Sure they were awful. They were downright terrible. In fact, some would've gladly traded in their paper bags for plastic ones watching that Saints team on the field that season. Yeah they were bad, but no matter where they played, they were ours, and we needed them. That season, the Saints went 3-13 and played in 3 different "home" venues. They were a franchise that had become stale and complacent in its current iteration at that point and desperately needed some drastic changes, and changes would be on the horizon.
Sean Payton and Drew Brees helped rebuild the Saints and led them to glory, but it was Jim Haslett and Aaron Brooks who were there, at the end, in the darkest days the organization and the city it represented had ever seen. For as much as Haslett and Brooks are mocked, in their final season of '05, they were subjected to the most tumultuous situation any franchise had ever endured.

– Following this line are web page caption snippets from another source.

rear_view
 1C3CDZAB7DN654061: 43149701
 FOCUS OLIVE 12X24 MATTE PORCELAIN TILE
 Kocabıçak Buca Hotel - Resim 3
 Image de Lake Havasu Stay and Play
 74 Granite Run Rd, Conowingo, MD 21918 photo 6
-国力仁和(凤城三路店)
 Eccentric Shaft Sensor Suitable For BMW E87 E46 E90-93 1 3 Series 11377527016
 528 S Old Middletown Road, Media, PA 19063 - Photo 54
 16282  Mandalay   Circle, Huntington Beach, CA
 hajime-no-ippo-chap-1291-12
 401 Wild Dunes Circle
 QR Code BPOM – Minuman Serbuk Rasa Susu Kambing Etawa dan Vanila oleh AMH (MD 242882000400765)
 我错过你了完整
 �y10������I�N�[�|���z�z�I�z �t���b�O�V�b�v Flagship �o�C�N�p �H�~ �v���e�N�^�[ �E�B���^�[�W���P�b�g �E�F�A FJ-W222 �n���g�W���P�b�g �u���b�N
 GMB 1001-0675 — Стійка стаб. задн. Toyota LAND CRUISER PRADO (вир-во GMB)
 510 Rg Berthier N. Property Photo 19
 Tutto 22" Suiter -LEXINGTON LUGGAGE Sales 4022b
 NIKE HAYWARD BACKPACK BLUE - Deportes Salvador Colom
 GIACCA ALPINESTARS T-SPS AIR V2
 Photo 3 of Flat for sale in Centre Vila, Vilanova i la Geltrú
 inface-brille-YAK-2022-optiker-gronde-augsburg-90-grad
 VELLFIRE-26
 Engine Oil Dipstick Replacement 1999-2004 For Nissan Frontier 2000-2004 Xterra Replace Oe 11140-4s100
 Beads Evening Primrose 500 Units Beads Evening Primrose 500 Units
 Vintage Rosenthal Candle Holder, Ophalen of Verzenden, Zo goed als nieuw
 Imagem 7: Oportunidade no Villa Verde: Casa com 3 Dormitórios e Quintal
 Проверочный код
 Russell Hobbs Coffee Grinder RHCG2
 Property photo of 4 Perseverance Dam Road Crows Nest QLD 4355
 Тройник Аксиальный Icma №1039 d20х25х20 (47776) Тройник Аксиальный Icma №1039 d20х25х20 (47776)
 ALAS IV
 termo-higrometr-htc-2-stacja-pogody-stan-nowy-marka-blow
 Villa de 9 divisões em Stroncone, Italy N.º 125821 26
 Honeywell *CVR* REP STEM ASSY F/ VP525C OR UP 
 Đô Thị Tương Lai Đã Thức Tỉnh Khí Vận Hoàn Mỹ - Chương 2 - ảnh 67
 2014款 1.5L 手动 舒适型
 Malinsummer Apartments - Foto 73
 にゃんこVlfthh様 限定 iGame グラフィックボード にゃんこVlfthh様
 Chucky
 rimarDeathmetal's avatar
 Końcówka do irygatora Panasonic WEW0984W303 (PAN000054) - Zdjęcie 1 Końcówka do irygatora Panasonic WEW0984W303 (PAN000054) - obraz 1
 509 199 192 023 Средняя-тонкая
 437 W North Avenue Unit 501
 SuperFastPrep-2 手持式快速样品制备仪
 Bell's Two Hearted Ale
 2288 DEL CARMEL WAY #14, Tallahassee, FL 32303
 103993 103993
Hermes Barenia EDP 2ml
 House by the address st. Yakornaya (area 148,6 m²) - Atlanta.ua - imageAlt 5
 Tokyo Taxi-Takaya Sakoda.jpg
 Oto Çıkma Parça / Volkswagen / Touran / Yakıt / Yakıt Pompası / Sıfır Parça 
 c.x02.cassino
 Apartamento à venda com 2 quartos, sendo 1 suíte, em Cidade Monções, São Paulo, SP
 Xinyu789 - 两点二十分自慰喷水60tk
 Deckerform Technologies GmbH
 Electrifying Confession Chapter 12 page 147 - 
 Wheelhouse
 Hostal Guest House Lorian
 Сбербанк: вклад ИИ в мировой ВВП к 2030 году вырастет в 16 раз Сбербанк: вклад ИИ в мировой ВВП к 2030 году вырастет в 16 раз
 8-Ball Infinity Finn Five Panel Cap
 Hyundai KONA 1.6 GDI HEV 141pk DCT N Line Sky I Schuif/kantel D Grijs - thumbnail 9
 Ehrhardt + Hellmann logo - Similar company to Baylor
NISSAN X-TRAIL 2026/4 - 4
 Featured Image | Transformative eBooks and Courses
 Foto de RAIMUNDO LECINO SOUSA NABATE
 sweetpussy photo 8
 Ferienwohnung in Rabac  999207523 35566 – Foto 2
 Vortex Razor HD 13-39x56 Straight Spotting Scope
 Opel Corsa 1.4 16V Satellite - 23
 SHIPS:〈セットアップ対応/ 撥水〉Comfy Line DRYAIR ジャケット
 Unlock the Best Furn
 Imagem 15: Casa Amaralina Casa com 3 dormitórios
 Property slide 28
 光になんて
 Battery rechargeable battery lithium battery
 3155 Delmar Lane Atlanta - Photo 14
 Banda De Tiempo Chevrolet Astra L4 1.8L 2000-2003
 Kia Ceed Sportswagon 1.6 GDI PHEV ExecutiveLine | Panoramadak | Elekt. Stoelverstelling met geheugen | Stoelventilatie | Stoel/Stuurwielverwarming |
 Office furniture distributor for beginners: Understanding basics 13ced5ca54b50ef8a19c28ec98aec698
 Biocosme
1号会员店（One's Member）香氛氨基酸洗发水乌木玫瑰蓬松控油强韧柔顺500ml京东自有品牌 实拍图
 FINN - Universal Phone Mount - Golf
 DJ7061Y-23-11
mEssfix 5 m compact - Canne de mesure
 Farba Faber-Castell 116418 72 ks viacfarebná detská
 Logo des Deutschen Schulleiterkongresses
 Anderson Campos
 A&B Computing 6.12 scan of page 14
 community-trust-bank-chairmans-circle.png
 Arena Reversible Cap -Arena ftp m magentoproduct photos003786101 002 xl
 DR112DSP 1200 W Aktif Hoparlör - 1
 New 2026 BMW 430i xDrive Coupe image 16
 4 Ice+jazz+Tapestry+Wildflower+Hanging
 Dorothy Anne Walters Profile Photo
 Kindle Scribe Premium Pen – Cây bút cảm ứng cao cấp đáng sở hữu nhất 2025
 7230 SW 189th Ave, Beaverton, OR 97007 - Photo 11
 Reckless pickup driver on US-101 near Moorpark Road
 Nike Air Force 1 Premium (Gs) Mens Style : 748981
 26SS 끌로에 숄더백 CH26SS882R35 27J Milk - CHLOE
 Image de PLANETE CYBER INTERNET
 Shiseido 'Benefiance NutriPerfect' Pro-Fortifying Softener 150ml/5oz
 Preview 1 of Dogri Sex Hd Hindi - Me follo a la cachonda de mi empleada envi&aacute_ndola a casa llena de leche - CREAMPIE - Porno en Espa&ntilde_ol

The post-Katrina Saints of 2006 had some overwhelming obstacles to overcome of course, and they deserve every bit of credit they've received, and more. Let's not forget though, the uncertainty and instability that surrounded the Saints and New Orleans itself during that '05 season. The '06 Saints represented the rebirth and revitalization of New Orleans, whereas the '05 Saints represented resiliency and resolve in the face of uncertainty. They weren't winners, but they were ours.
The Saints played all over the country that season, but never in New Orleans, obviously. Nevertheless, they carried the flag for the city of New Orleans, and the people of New Orleans along with Who Dat Nation worldwide were better and stronger for it. They played at Meadowlands Stadium, but they were not the New Jersey Saints. They played at Tiger Stadium, but they were not the Baton Rouge Saints. They played at the Alamodome, but they certainly were not, and never would be, the San Antonio Saints.
In a tragic season riddled with low points, the highest point came at the beginning, much like the tenure of Haslett and Brooks itself. The greatest moment of pride that season came in Week 1 at Carolina. The Panthers were just 2 seasons removed from a Super Bowl appearance and on their way to an NFC Championship Game appearance that very season. Carolina was a 6.5 point favorite over the vagabond Saints at home in the Week 1 matchup.
The Saints were overmatched but not overwhelmed. With the score tied at 20 with 7 seconds left in regulation, John Carney hit a 47 yard field goal to give the Saints the 23-20 lead. A Carolina fumble on the ensuing kickoff secured victory for the Saints, and my pride for the Saints and New Orleans soared.
The 2005 Saints only won 3 games but they didn't shame the city they represented. Their abysmal record was the catalyst for the Reggie Bush draft, the Drew Brees signing, and the Sean Payton hiring. That team "fell on the sword" for the future of the franchise and the NFL in New Orleans. It was, at that time, darkest before the dawn.
Their record was dreadful and both the roster and coaching staff were long overdue for coming changes. For one week though, they were good, and they were good for New Orleans. They won that game with heart and determination, they won that game for New Orleans. For at least one week, despite despair, there was hope, faith, and most importantly, pride.